* _Directions_
Search the entries below for "this 533×400 image.". Give that line and all the lines after it again, exactly, through the last, without pictures.

====== Records ======

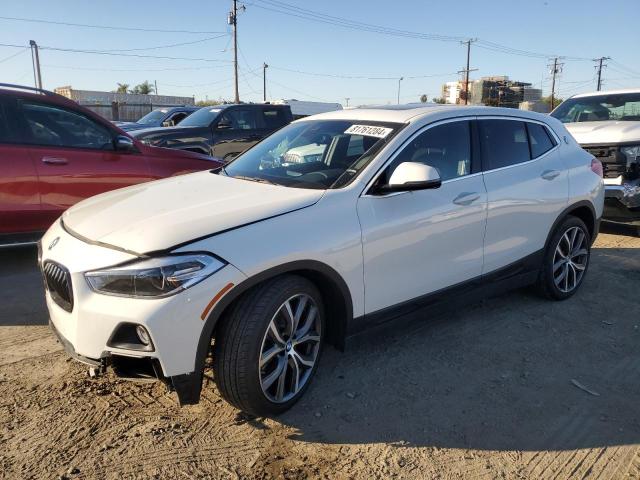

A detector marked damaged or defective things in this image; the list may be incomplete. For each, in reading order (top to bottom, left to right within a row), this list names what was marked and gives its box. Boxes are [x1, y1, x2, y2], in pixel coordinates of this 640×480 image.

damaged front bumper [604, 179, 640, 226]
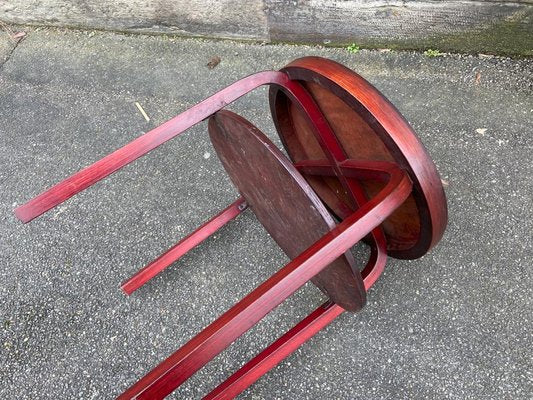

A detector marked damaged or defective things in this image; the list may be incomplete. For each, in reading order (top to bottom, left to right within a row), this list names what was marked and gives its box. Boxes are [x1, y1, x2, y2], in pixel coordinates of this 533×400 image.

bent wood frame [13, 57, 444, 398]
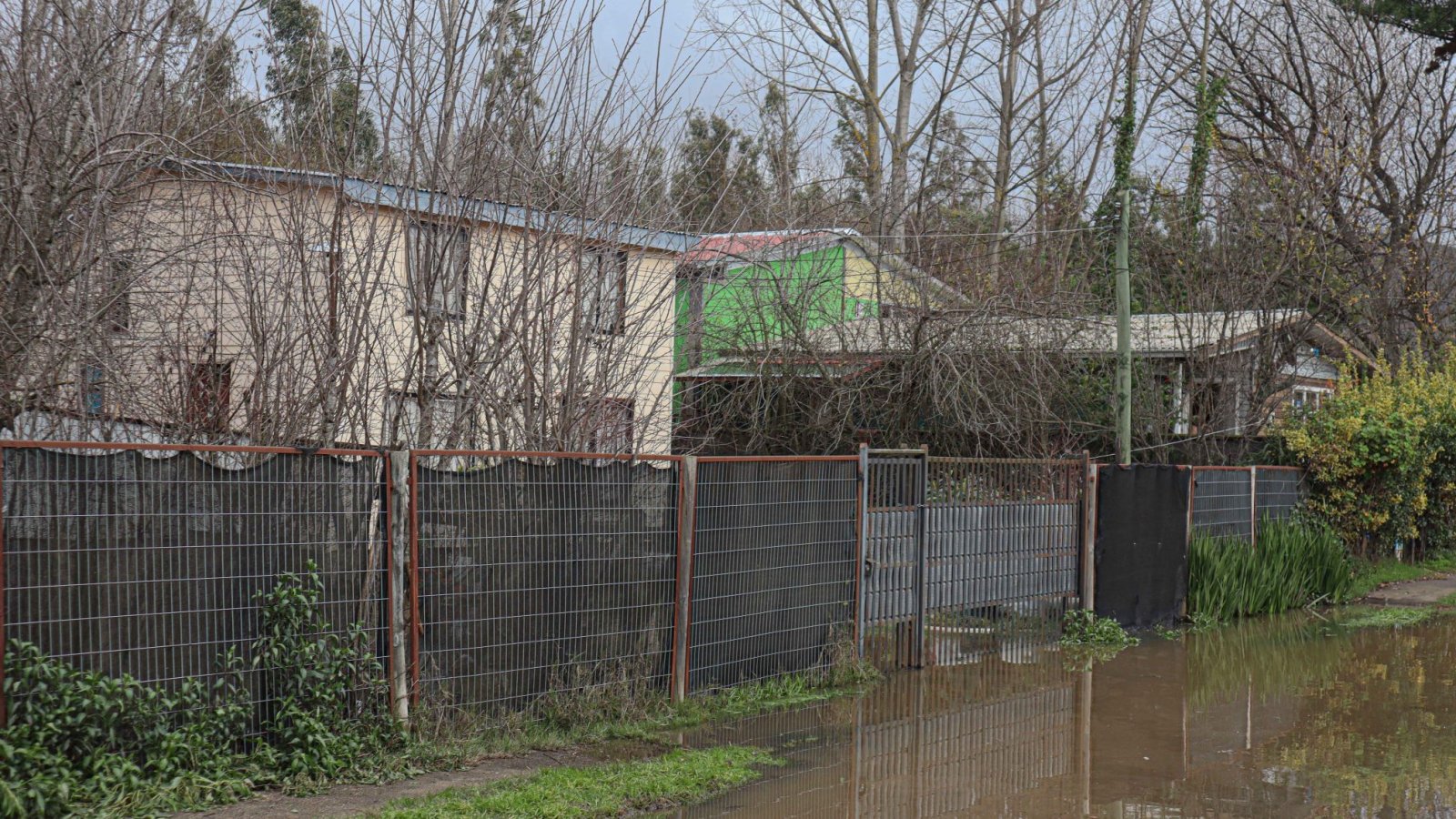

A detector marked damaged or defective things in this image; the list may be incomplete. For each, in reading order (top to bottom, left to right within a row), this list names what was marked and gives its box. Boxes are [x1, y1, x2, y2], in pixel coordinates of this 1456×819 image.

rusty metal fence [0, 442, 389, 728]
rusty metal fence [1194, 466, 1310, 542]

======

* _Solution to this exercise_
A detector marked damaged or defective things in this image; the list may be incomplete. For each, in reading order (top to bottom, left to right within a row), this list names what was marked and gives its box. Boxes are [x1, y1, x2, y2], in pixel coordinates of this 533×400 image.

bent wood frame [13, 57, 444, 398]

A detector marked damaged or defective things in this image; the list may be incomplete. For each, in reading order (top to bottom, left to right within a row), this list names what was marked and gives its box. Boxes are [x1, y1, x2, y2], in pixel coordinates of this 1456×819 image.

rusty metal fence [0, 442, 389, 728]
rusty metal fence [1194, 466, 1310, 542]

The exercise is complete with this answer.